Depois do intervalo, a apresentadora chama no estúdio os dois envolvidos na trama, acompanhados de suas respectivas esposas, para outra lavagem de roupa suja, desta vez a nível presidencial: Lula/Janja x Bolsonaro/Michelle.
Caso II:
JANJA: A questão é que chegamos no Palácio do Alvorada e tinha sumido o mobiliário. Não tinha nem cama pra dormir. Tínhamos de procurar saber onde estava, mas isso iria levar tempo. Aí, pra gente se mudar logo, tivemos de comprar tudo novinho em folha e sem licitação mesmo.
LULA: É. Não tinha nada lá! Com certeza o casal aí levou tudo embora.
BOLSONARO: Como você me acusa de ser ladrão de móveis, seu canalha? Eu só roubo colares com pedras preciosas e relógios de ouro cravejados de diamante.
MICHELLE: Eu e meu marido somos gente de bem. Pelo sangue de Jesus, vocês fizeram falsas acusações! Com certeza isso é cortina de fumaça pra justificar os gastos abusivos com a compra de móveis novos. Nunca tentaram procurar as coisas que vocês alegam ter sumido num cômodo do Palácio? Era só chamar os moleques da vizinhança e oferecer uns pirulitos que eles encontrariam tudo. Vou processar vocês por injúria e difamação.
CHRISTINA ROCHA: O senhor vai pedir desculpas pela falsa acusação, seu Lula?
LULA: Não vou pedir desculpas porque nunca falei que ele era ladrão. Só falei que levou os móveis embora.

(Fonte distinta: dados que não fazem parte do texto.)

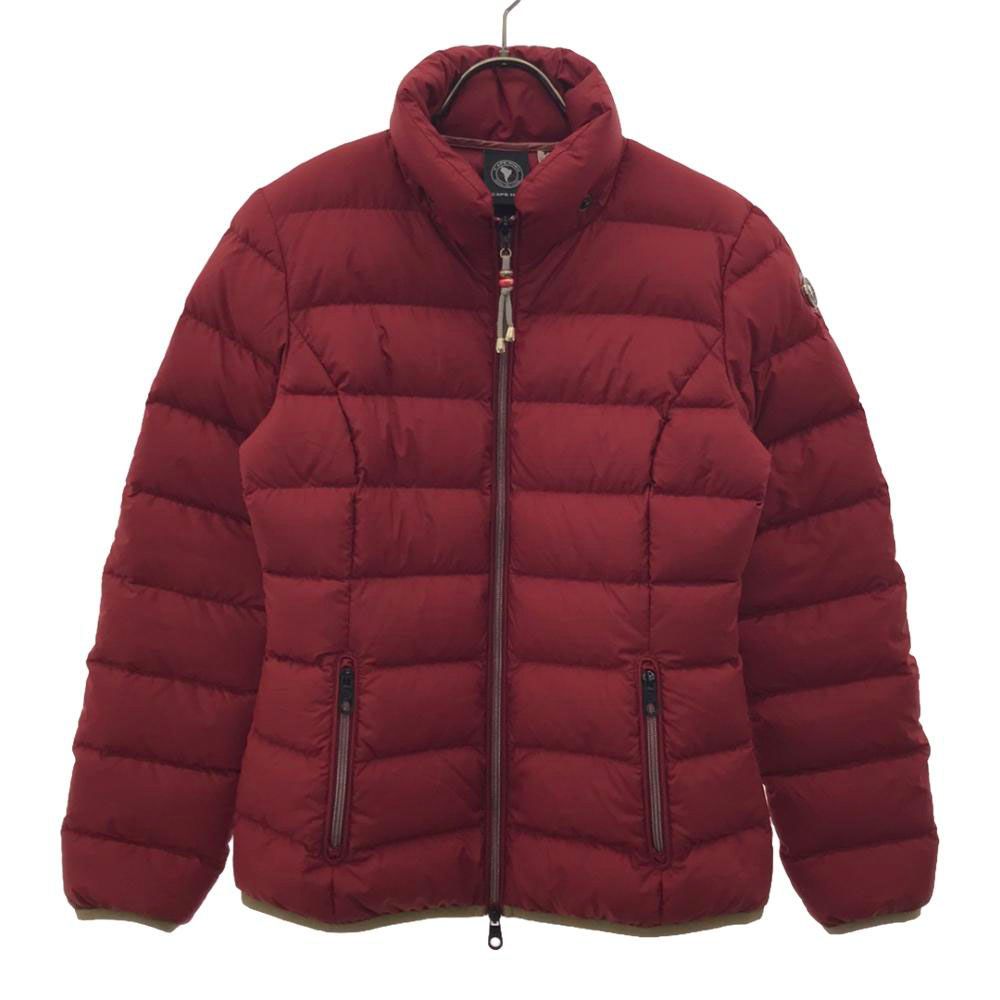ケープホーン ロゴワッペン ダウンジャケット レッド CAPEHORN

BOLSONARO: Escuta aqui, ex-presidiário. Só não dou um tapa na sua cara porque estou prestes a dividir o espaço com o Robinho e não quero me precipitar. Mas você não perde por esperar. Me aguarde!
Sem esperar que as partes chegassem a um acordo (dificilmente chegariam), Christina Rocha se despede do público:: “Meus queridos telespectadores, encerramos por aqui esse programa, prometendo voltar em breve com mais um “caliente” Casos de Família. Até a próxima!”
Esta crõnica foi originalmente publicada em O Boletim, em 22/3/2024.